Here is the answer. When you run inv in matlab for a sparse matrix, matlab check different properties of the matrix to optimize the calculation. For a sparse diagonal matrix, you can run the followin code to see what is matlab doing
n = 10000;
a = diag(1:n);
a = sparse(a);
I = speye(n,n);
spparms('spumoni',1);
ainv = inv(a);
spparms('spumoni',0);
Matlab will print the following:
sp\: bandwidth = 0+1+0.
sp\: is A diagonal? yes.
sp\: do a diagonal solve.
So matlab is inverting only the diagonal.
How does Scipy invert the matrix??
Here we have the code:
...
from scipy.sparse.linalg import spsolve
...
def inv(A):
"""
Some comments...
"""
I = speye(A.shape[0], A.shape[1], dtype=A.dtype, format=A.format)
Ainv = spsolve(A, I)
return Ainv
and spsolve
# Cover the case where b is also a matrix
Afactsolve = factorized(A)
tempj = empty(M, dtype=int)
x = A.__class__(b.shape)
for j in range(b.shape[1]):
xj = Afactsolve(squeeze(b[:, j].toarray()))
w = where(xj != 0.0)[0]
tempj.fill(j)
x = x + A.__class__((xj[w], (w, tempj[:len(w)])),
shape=b.shape, dtype=A.dtype)
i.e., scipy factorize A and then solve a set of linear systems where the right hand sides are the coordinate vectors (forming the identity matrix). Ordering all the solutions in a matrix we obtain the inverse of the initial matrix.
If matlab is taken advantage of the diagonal structure of the matrix, but scipy is not (of course scipy is also using the structure of the matrix, but in a less efficient way, at least for the example), matlab should be much faster.
EDIT
To be sure, as #P.Escondido propossed, we will try a minor modification in matrix A, to trace the matlab procedure when the matrix is not diagonal:
n = 10000; a = diag(1:n); a = sparse(a); ainv = sparse(n,n);
spparms('spumoni',1);
a(100,10) = 500; a(10,1000) = 200;
ainv = inv(a);
spparms('spumoni',0);
It prints out the following:
sp\: bandwidth = 90+1+990.
sp\: is A diagonal? no.
sp\: is band density (0.00) > bandden (0.50) to try banded solver? no.
sp\: is A triangular? no.
sp\: is A morally triangular? yes.
sp\: permute and solve.
sp\: sprealloc in sptsolve: 10000 10000 10000 15001
How about splu(), it's faster but need a dense array and return dense array:
Create a random matrix:
import numpy as np
import time
import scipy.sparse as sps
import scipy.sparse.linalg as spsl
from numpy.random import randint
N = 1000
i = np.arange(N)
j = np.arange(N)
v = np.ones(N)
i2 = randint(0, N, N)
j2 = randint(0, N, N)
v2 = np.random.rand(N)
i = np.concatenate((i, i2))
j = np.concatenate((j, j2))
v = np.concatenate((v, v2))
A = sps.coo_matrix((v, (i, j)))
A = A.tocsc()
%time B = spsl.inv(A)
calculate inverse matrix by splu():
%%time
lu = spsl.splu(A)
eye = np.eye(N)
B2 = lu.solve(eye)
check the result:
np.allclose(B.todense(), B2.T)
Here is the %time output:
inv: 2.39 s
splv: 193 ms
You are witholding crucial information from your software: the fact that the matrix is diagonal makes it super easy to invert: you simply invert each element of its diagonal:
P = np.diag(range(1,10000))
A = np.diag(1.0/np.arange(1,10000))
Of course, this is only valid for diagonal matrices...
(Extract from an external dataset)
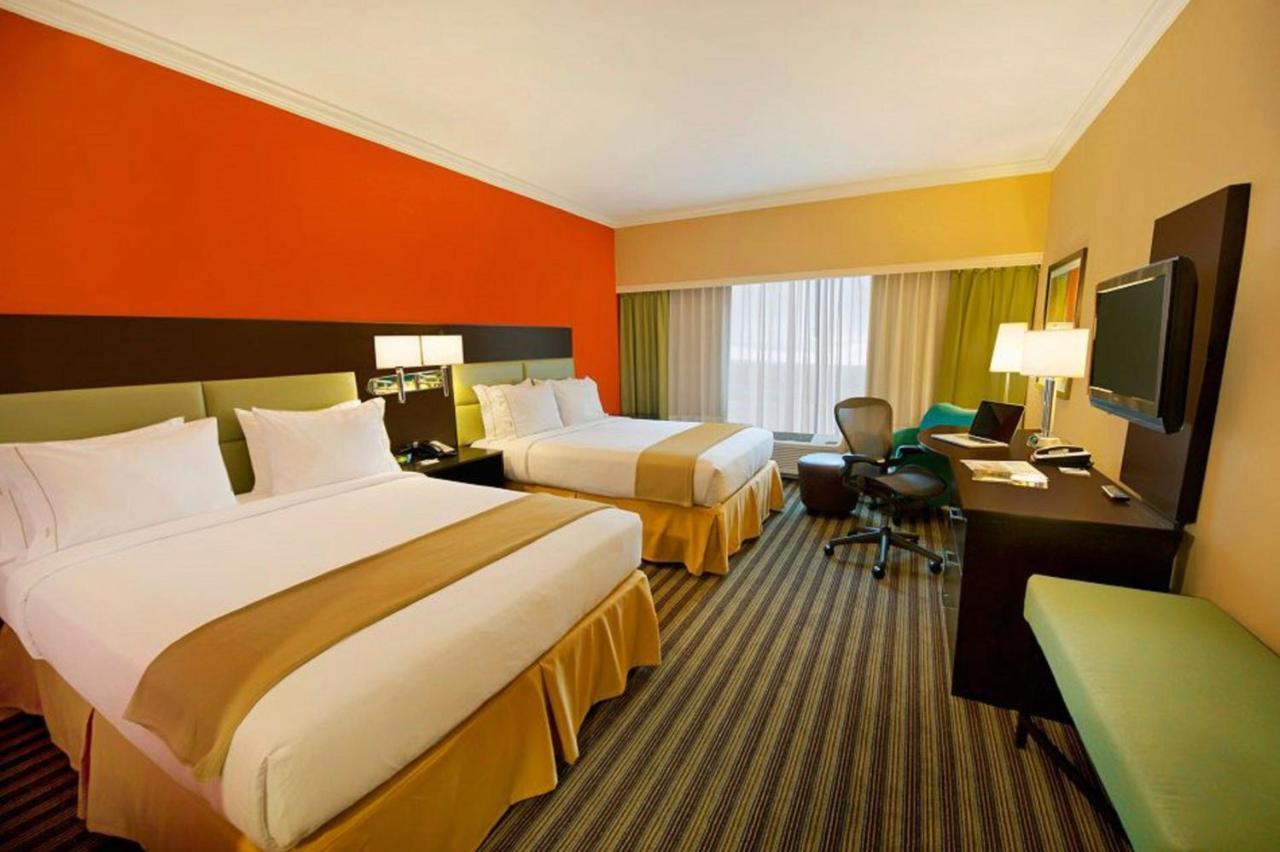 Holiday Inn Express Princeton Southeast By Ihg Plainsboro Екстериор снимка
If you try with that the result will be better:
import numpy as np
import time
import scipy.sparse as sps
import scipy.sparse.linalg as spsl
P = np.diag(range(1,10000))
P_sps = sps.coo_matrix(P)
startTime = time.time()
A = spsl.inv(P_sps)
runningTime = (time.time()-startTime)/60
print "The script was running for %f minutes" % runningTime
Now you can compare with your matlab script.